Na doença degenerativa de disco intervertebral lombar, a estabilização dinâmica praticamente substituiu a cirurgia de artrodese. Apresenta como principais vantagens em relação à artrodese por ser menos agressiva, preservar parcialmente a mobilidade do seguimento motor, diminuir a possibilidade de ocorrência da síndrome juncional (sobrecarga do segmento adjacente), menos perda sanguínea, menos dor no pós operatório, permitir rápida reabilitação e retorno precoce às atividades. São dispositivos que aumentam a proteção à coluna sem afetar a estrutura básica da mesma, isto é: podem ser totalmente revertidas ou convertidas em artrodese.

· Sistema de neutralização dinâmica (DYNESYS)

· Sistema COSMIC

ETAPA 6

ARTROPLASTIA PARCIAL DO DISCO (NÚCLEO PULPOSO)

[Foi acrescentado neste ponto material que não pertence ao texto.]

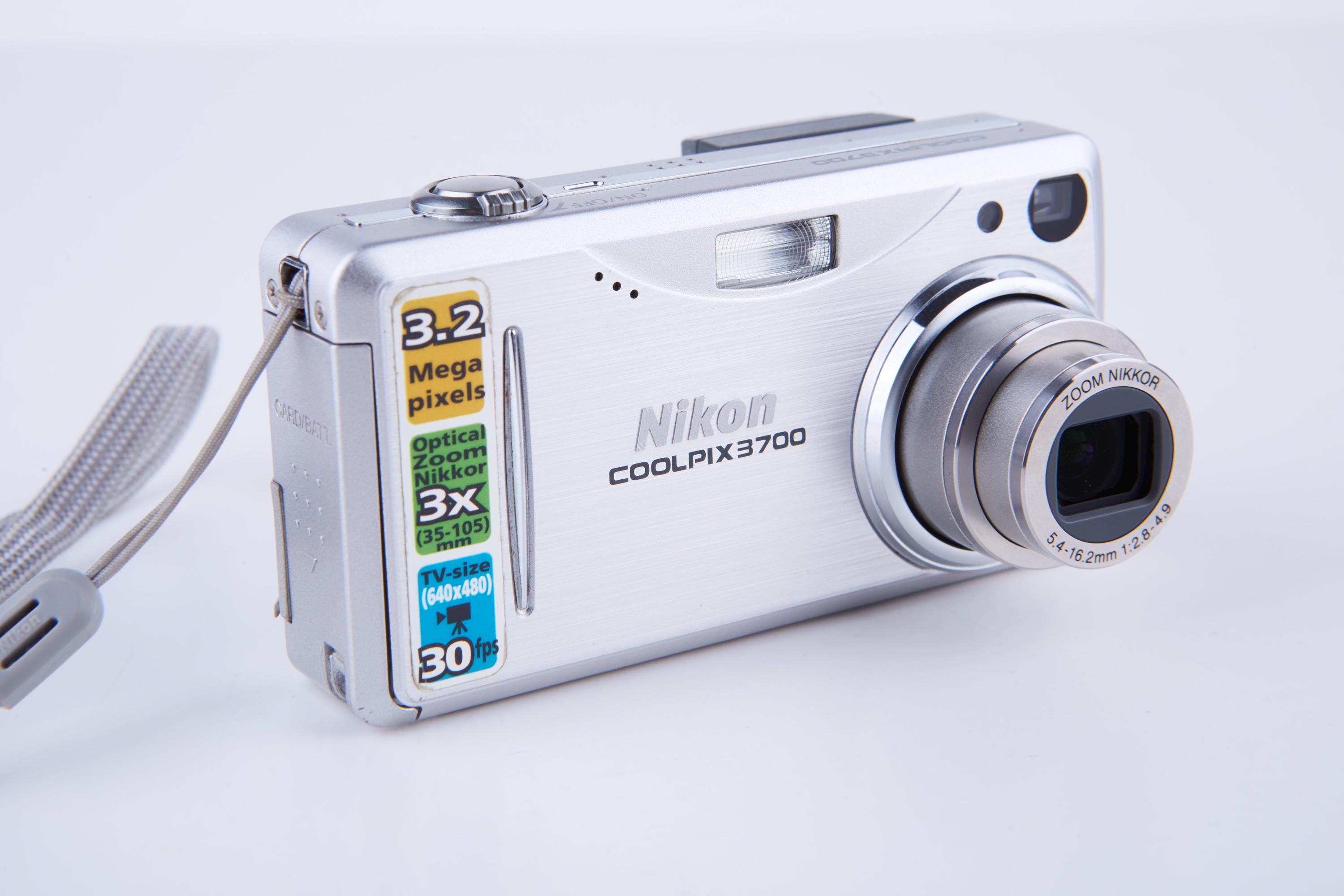 Nikon Coolpix 3700 3MP 3X Optical Zoom Digital Camera Nikon Coolpix 3700 3MP 3X Optical Zoom Digital Camera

A Artroplastia do disco intervertebral pode ser classificada basicamente em: artroplastia do núcleo pulposo e artroplastia total do disco. A idéia da artroplastia é substituir parcial ou totalmente o disco intervertebral doente, sem o acometimento das articulações facetarias. As próteses discais parciais podem ser introduzidas por via aberta ou percutânea, porém, os inúmeros tipos existentes ainda necessitam de estudos clínicos para comprovarem a sua eficácia.

ETAPA 7

ARTROPLASTIA TOTAL DO DISCO

A Artroplastia total do disco intervertebral consiste em substituir totalmente o disco. Existem vários tipos de próteses discais (cervical e lombar). Tem como principal vantagem preservar a mobilidade articular (pelo menos numa fase inicial) e diminuir a incidência da síndrome juncional (teoricamente).

ETAPA 8

ARTROPLASTIA DISCAL E FACETÁRIA

A artroplastia total de disco e das articulações facetarias está indicado quando todos os componentes do complexo tri articular do seguimento motor estão comprometidos. Tem a vantagem teórica de preservação da mobilidade articular, porém, mais estudos clínicos terão de ser realizados para comprovar a sua eficácia.

ETAPA 9

ARTRODESE (FUSÃO)

A artrodese ou fusão vertebral consiste em imobilizar definitivamente uma articulação. A artrodese é o ápice da “pirâmide”, isto é: é a última tentativa para tentar curar a doença degenerativa do disco. Apesar do desejo em se preservar o movimento do segmento vertebral acometido, existem situações em que, inerentemente ao desejo do cirurgião e do paciente, a artrodese é necessária. Como exemplo temos os acometimentos discais avançados com colapso discal e substituição da estrutura normal das plataformas vertebrais (Pfirmann 4 e 5), acometimento avançado das articulações facetárias com decorrente instabilidade translacional (espondilolistese degenerativa), as instabilidades secundárias aos defeitos do arco vertebral posterior (espondilolisteses ístmicas), os acometimentos multisegmentares (escoliose degenerativa), dentre outros. Quando estas indicações absolutas justificam o seu uso, tanto em doenças degenerativas do disco, como em fraturas e tumores, a melhor técnica é por métodos minimamente invasivos, por preservarem todo o complexo músculo-ligamentar posterior e ser de baixa morbidade quando comparada aos procedimentos tradicionais abertos. Várias técnicas modernas de artrodese atingem os mesmos índices de fusão tradicionalmente obtidos, com a vantagem de minimizar os seus efeitos indesejados. O exemplo clássico é o da técnica de artrodese intervertebral transforaminal, mais conhecida como TLIF minimamente invasivo. Porém, existem outras técnicas como: Axial LIF, X-LIF, PLIF, ALIF, sendo todas consideradas de acordo com a necessidade de cada paciente.